The radical polymerizations and copolymerizations of dimethylstannyl dimethacrylate (DSM) and trimethylstannyl methacrylate (TSM) in dimethylformamide (DMF) were studied. These monomers did not polymerize thermally, but easily underwent polymerization in the presence of α,α′‐azobisisobutyronitrile and on irradiation with ultraviolet light.

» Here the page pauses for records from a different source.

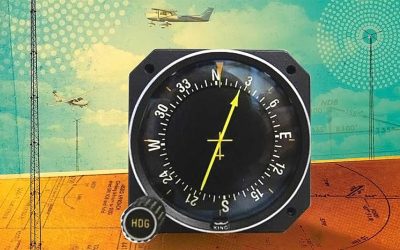 ENAV: programma dismissione NDB/L 2022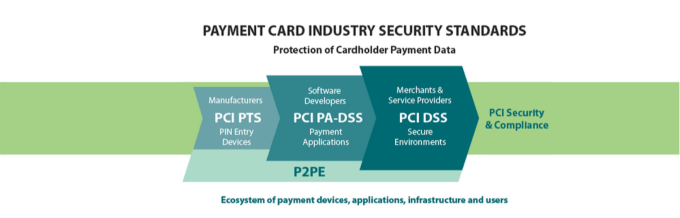 Payment Card Industry Security Standards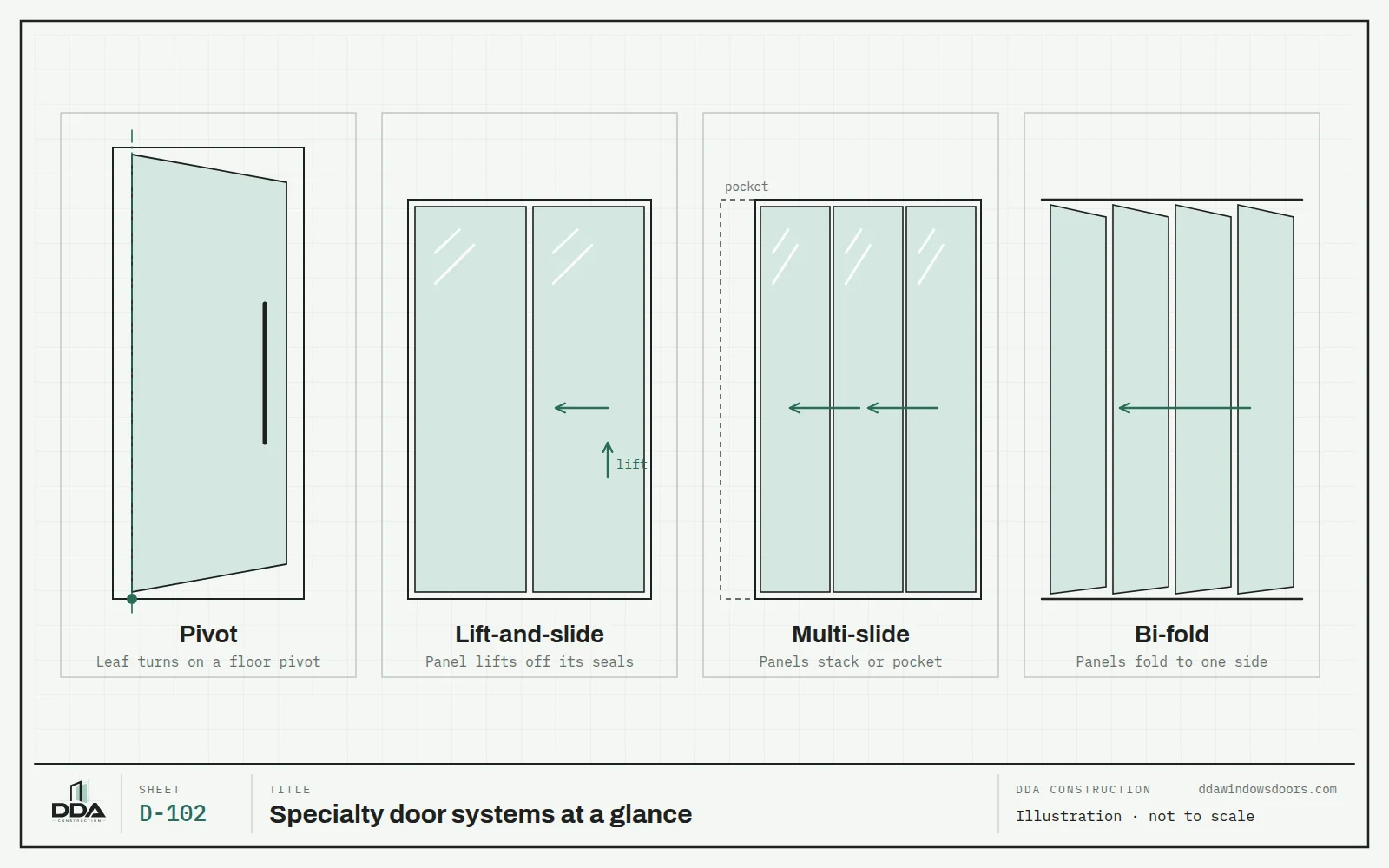 Elevation drawings comparing a pivot door, lift-and-slide door, multi-slide door and bi-fold door
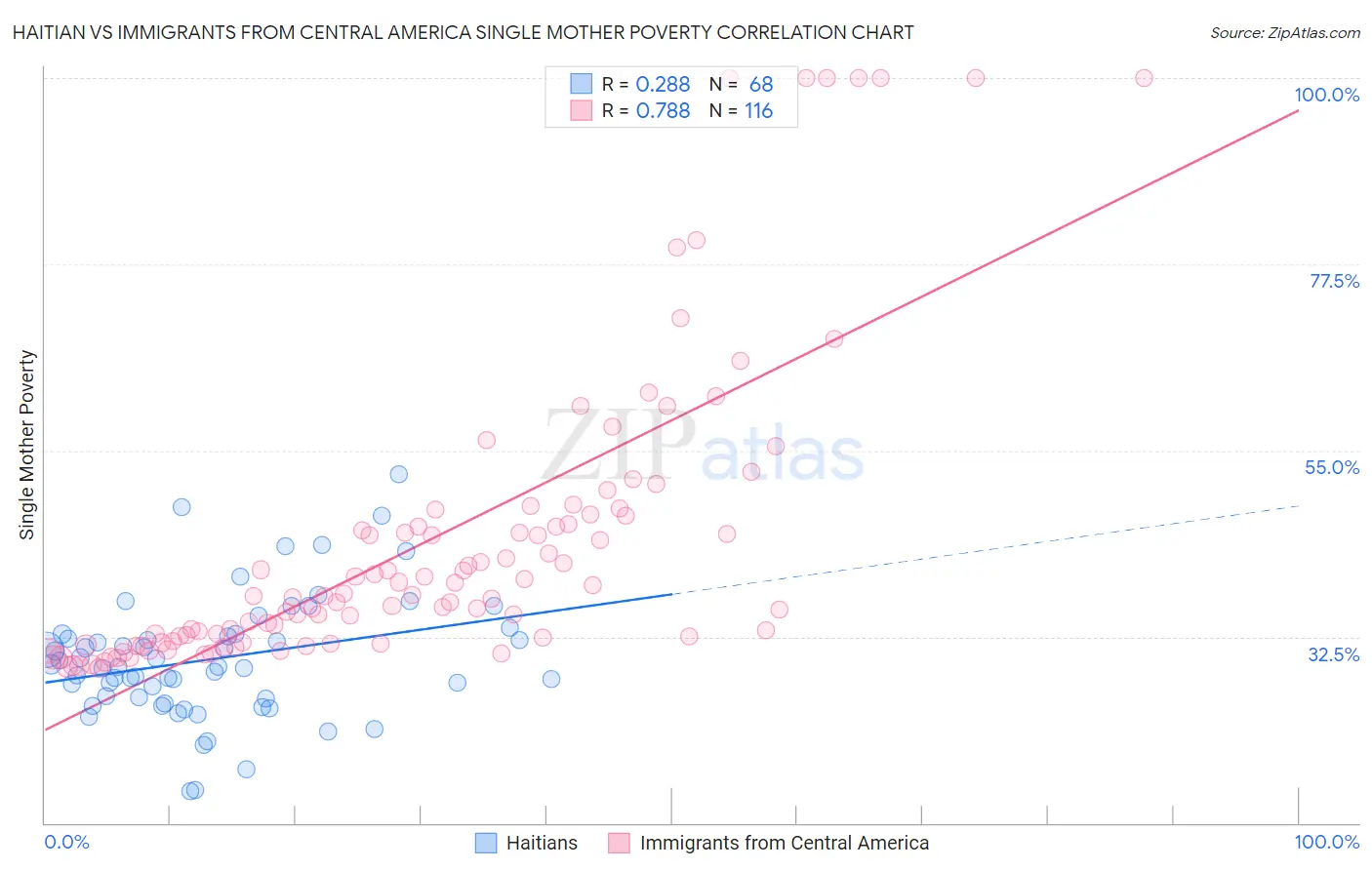 Haitian vs Immigrants from Central America Single Mother Poverty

The polymer obtained from TSM was soluble in DMF and methanol, but that from DSM was insoluble in any organic solvents; this polymer probably consists of a network structure. These polymers were converted to poly(methyl methacrylate) (PMMA) by means of acid hydrolysis and then methylation with diazomethane. The content of syndiotactic triad was determined from infrared spectra of PMMA derived from the polymers of DSM and TSM. It was noted that the content of syndiotactic triad was greater in the radical polymerization of TSM than those of DSM at every temperature investigated. The differences in the activation enthalpy (ΔΔ__H__‡) and in the activation entropy (ΔΔ__S__‡) between isotactic and syndiotactic additions were determined as follows: for DSM, ΔΔ__H__‡ = ∼0 cal/mole, ΔΔ__S__‡ = −0.856 eu; for TSM, ΔΔ__H__‡ = 229 cal/mole, ΔΔ = −1.09 eu. From the radical copolymerizations of DSM and TSM with styrene at 60°C, the copolymerization parameters, Q and e, were evaluated as follows: for DSM, Q = 1.36, e = 0.41; for TSM, Q = 0.45, e = −0.37. These results were compared with the reported effects of stannic chloride and zinc chloride on the radical polymerization of methyl methacrylate.